Secondly, consider looking at how the strata scheme remunerates the strata manager to move away from a model based on them receiving insurance commissions. No, this isn’t just us saying that all strata plans should sign with Strata Sense (we rebate insurance commissions)! Although the majority of the industry is based around receipting and retaining insurance commissions, strata schemes can always ask their manager at renewal to move to a higher base fee with commissions rebated. Bear in mind that commissions are often calculated based on a percentage of the insurance premium. If a premium goes up by 30%, then the insurance commission received by the strata manager could also go up by 30%, which for larger schemes could be many thousands of dollars (and certainly more than an annual CPI increase on base management fees).
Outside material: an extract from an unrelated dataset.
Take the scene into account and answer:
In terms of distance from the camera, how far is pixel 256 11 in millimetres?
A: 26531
Thirdly, strata schemes should get proactive about preventative maintenance and avoid small claims. In our observation, insurers are skittish around schemes with unrectified defects and a bad claims history. An incumbent insurer might offer renewal terms, but if the other insurers are all scared off by unrectified defects (which will need to be disclosed at renewal time) then that scheme will have no leverage to try to negotiate a better premium (or at least try to stave off a big increase).
Fourthly, strata schemes start talking to your broker and strata manager about their next insurance renewal early (better yet, now!). At Strata Sense for smaller schemes we will start renewal discussions months in advance. Although the insurers won’t issue renewal terms until quite close to renewal, you can do a lot to help your broker to position your scheme to the insurers with the benefit of time. If your strata manager discloses a defect six months out from renewal to the broker and the broker raises that that defect will be a major concern to the insurers, you can do a lot to fix that defect (or at least get the process started) in that six months. If that only gets disclosed a month out from renewal, then you are going to be hard pressed to even get quotes to fix it, let alone get it fixed. You can’t control, and nor can your strata manager or broker, the premiums that the insurers will offer, but you can equip your broker with the best information possible to try for a positive result.
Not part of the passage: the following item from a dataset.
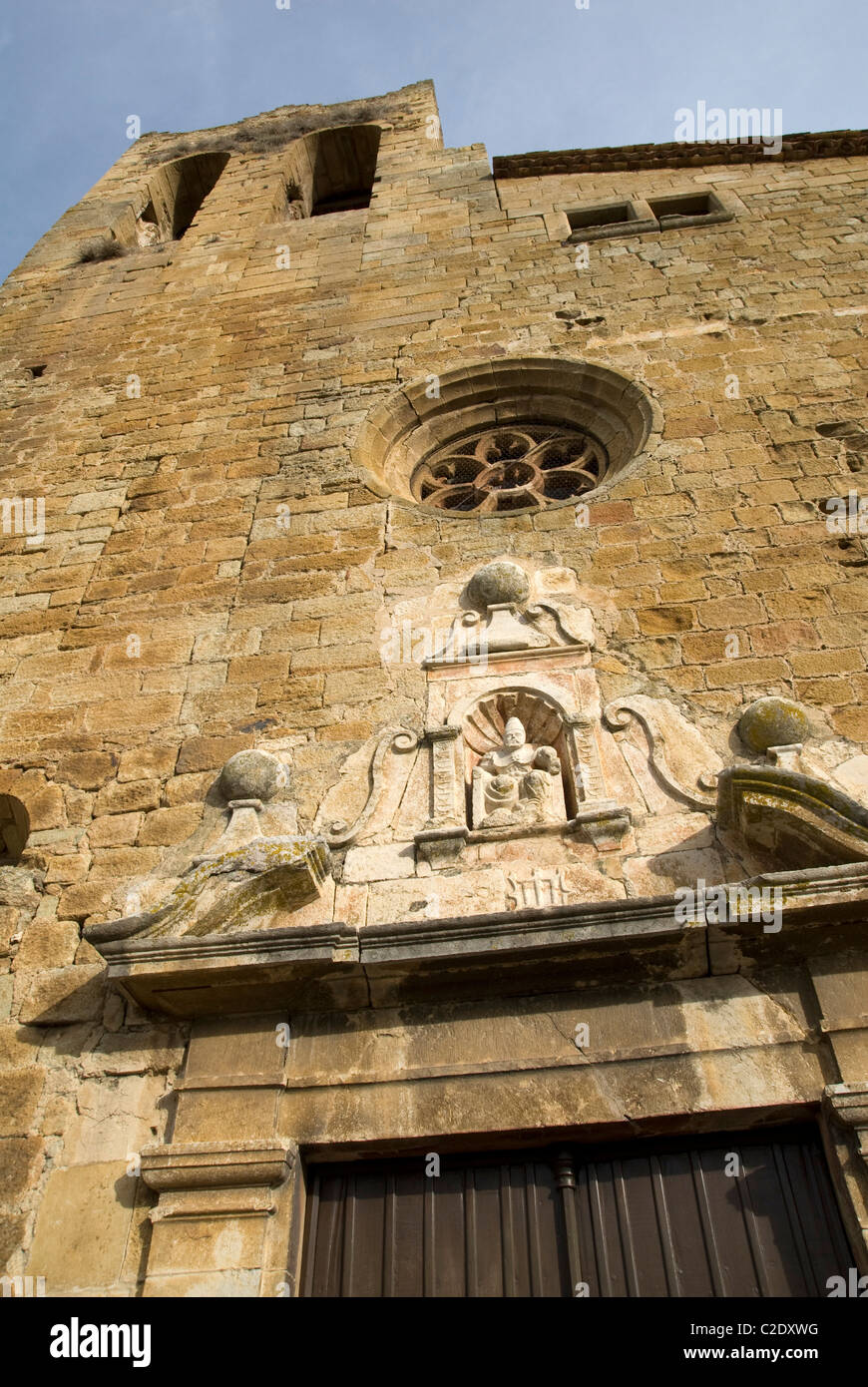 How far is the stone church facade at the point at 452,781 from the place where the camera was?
315 centimetres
Finally, despite all of the above, set expectations on insurance premiums appropriately, and if your premiums go far above your budget, consider issuing communications to your non-committee member owners about that as soon as possible so that they don’t have a shock when it comes to the AGM. Insurance premiums are now in many cases the most expensive annual costs for strata schemes, and premiums going up by double digits can lead to large levy increases. It might be that, even with the most robust approach possible, you are faced with a large insurance premium increase. Following a comprehensive process to that point and then communicating with owners about the issue proactively will assist owners in understanding what is happening with their most important investment and ensure that the focus remains on a well maintained building at all times.